Anyway I imagine VB6 development will still be quite prevalent for at least a few more years.
That would actually be a bad thing I think, The .Net framework is on most Windows machines already and lots of applications use it and have been doing so for quite some time. If each app compiled only the parts of the framework they needed and distributed it with their apps then all .net apps would be larger, some of them by huge amounts and the amount of disk space used would increase greatly.
What about VB6, most programs do not use most of the stuff in the runtime yet the entire runtime is required for all of them, pretty much the same thing with .Net just a different file set.
That's not the point. The point is: do you need .NET for most of that? I don't know about Windows Phone or XNA (whatever it is), but for all the rest you certainly don't need .NET. It's just, maybe,...easy to work with? but I don't think it's that easier than anything else as long as you know the right tools, and pure Win32/Win64 is still best, imho. The problem I see with VB6 dropping is that nothing is left from MS to create native binaries but C++.
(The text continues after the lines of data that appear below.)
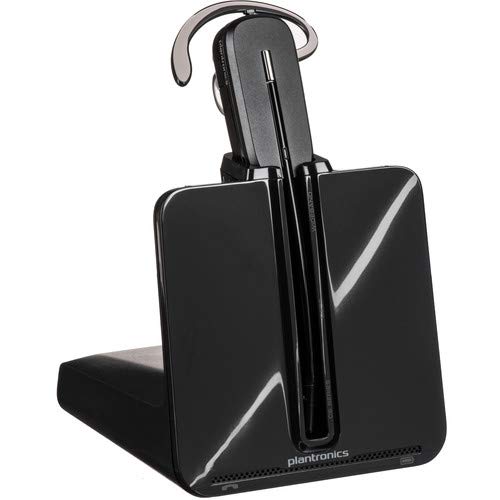 Plantronics CS540 Wireless Office Headset System (2 Pack) - Bundle with Universal Screen Cleaner + Microfiber Cleaning Cloth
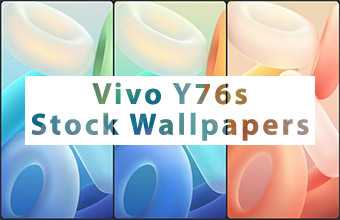 Vivo Y76s Stock Wallpapers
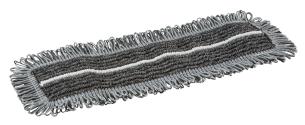 Vikan damp 47 dark mikrofibermoppe lomme 40 cm grå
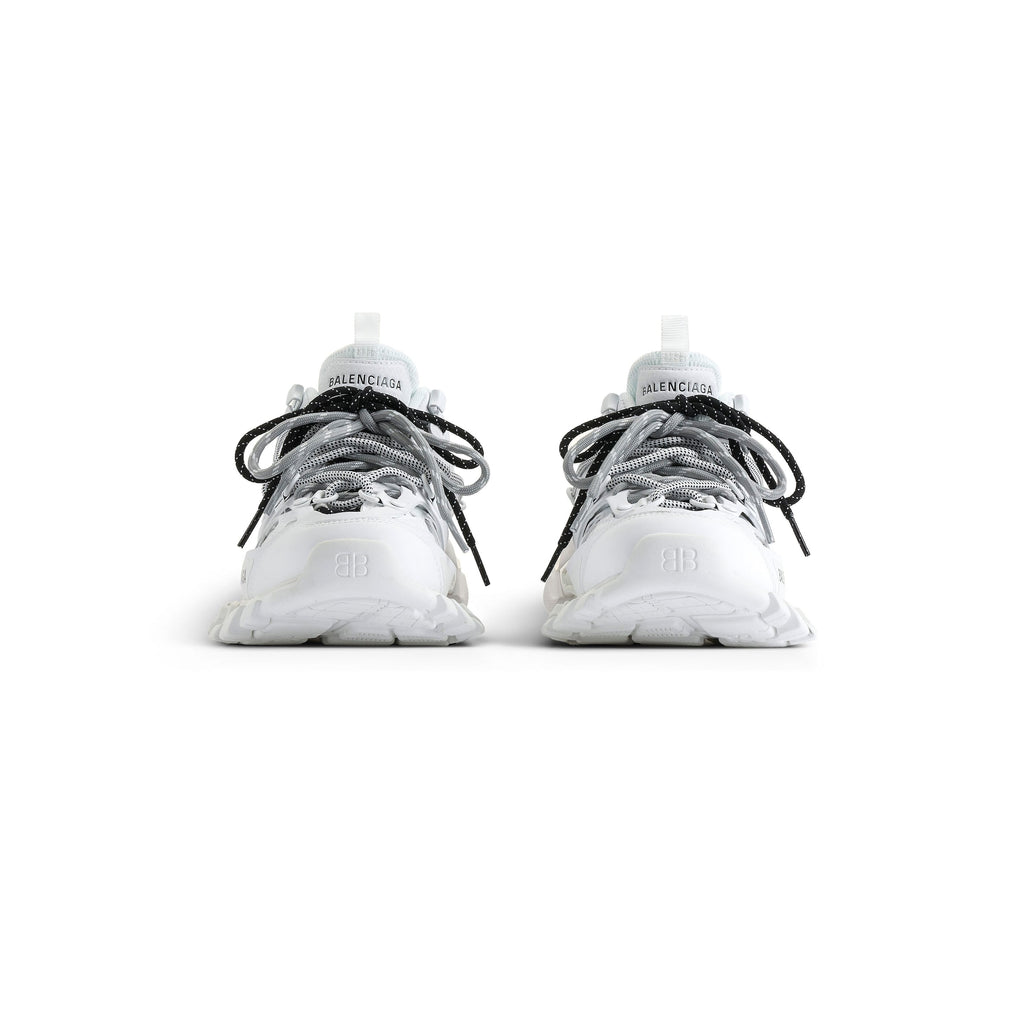 Balenciaga TRACK TRAIL LACES SNEAKER IN WHITE/BLACK/GREY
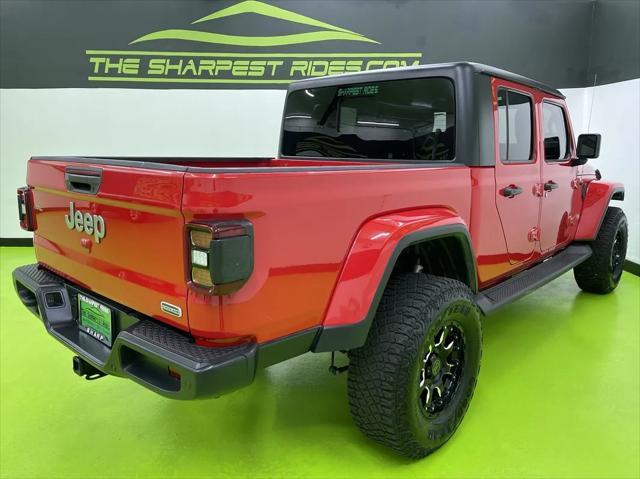 used 2020 Jeep Gladiator car, priced at $31,988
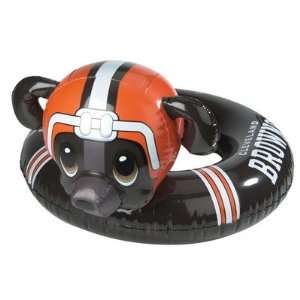   Inflatable Mascot Inner Tube   Cleveland Browns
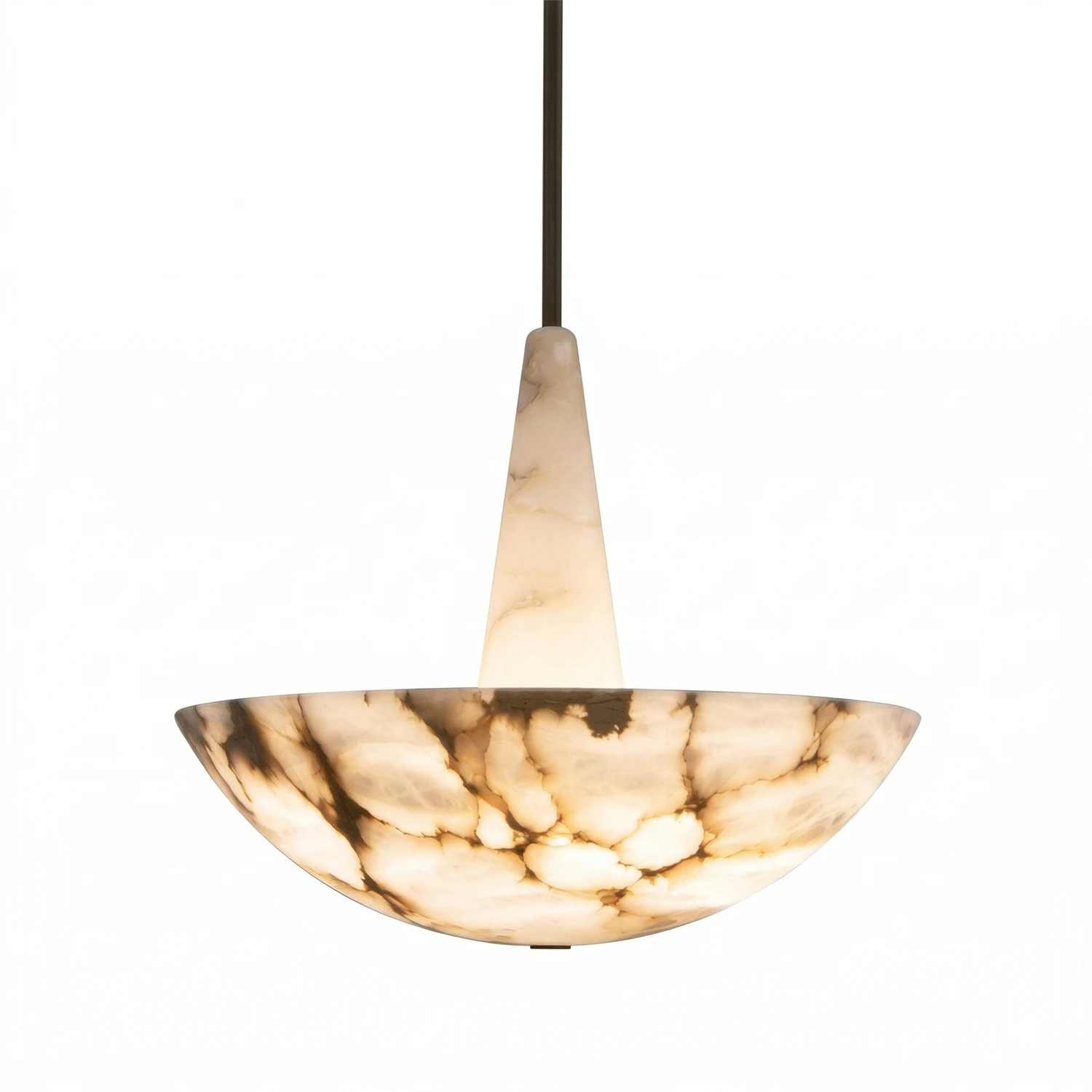 Domusic Alabaster Chandelier - Brilliant Studio Radiance | HoaiLamp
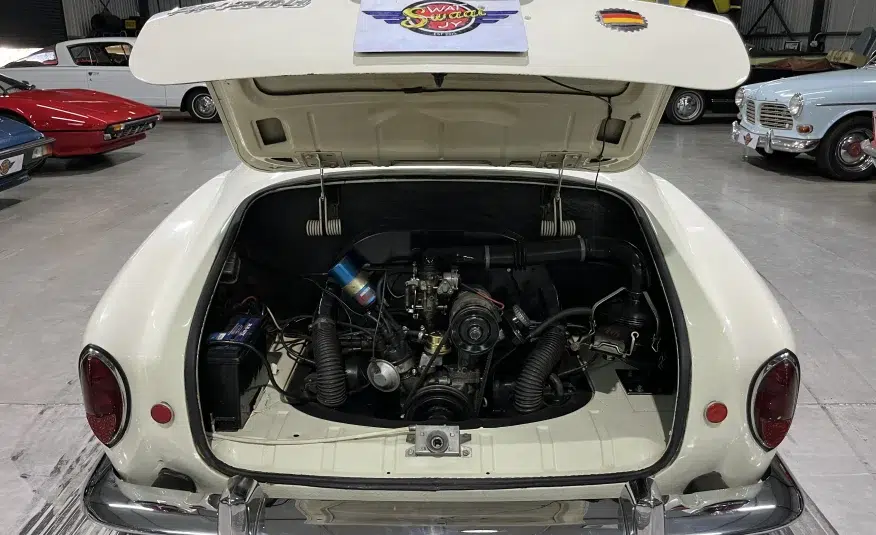 historic performance car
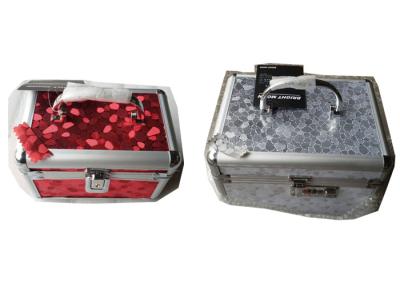 China 3 Pieces Set Of Beautify Cosmetics Case Aluminum Framed OEM ODM Available for sale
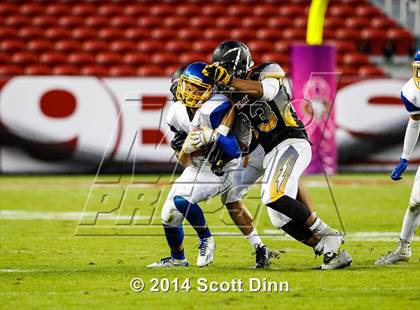 Thumbnail 2 in Wilcox vs. Santa Clara @ Levi's Stadium photogallery.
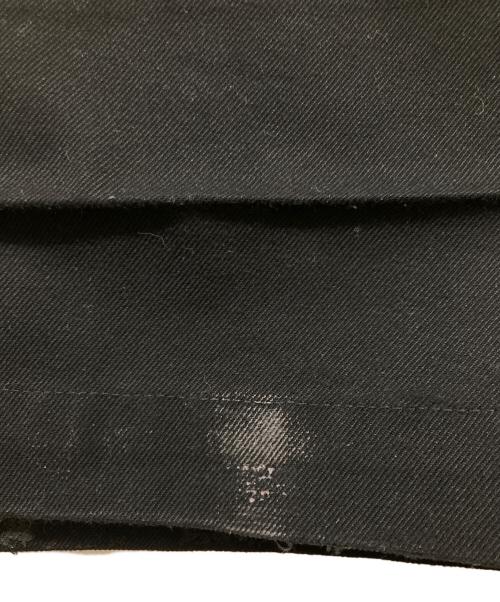 seyto（セイト）seyto (セイト) ダメージラインフレアパンツ ブラック サイズ:3の古着・服飾アイテム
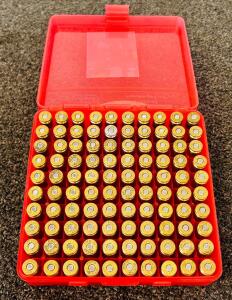 (100) Rnds Of 40 S&W Sierra 180 JHP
XNA is a free product that allows you to develop games for Windows, Windows Phone and XBox 360 using .Net languages.
VB.Net also allows you to develop for Windows CE and Windows Mobile devices which I have been doing in VB.Net for several years now with much success.
Vb.Net is easy to work with once you have adjusted to it, and so is C# in many cases VB.Net can be easier to work with than VB6 and can do a lot more.
I have to say I didnt see any of this coming. I thought they were going to bring it back. Fatia said his petition has 7200 votes...
Which is a very small number to a company like MS.
What surprises me is that anyone is surprised that MS did what most expected them to do anyway. It really should have been clear to most a long time ago that VB6 was the last of the classic VB editions.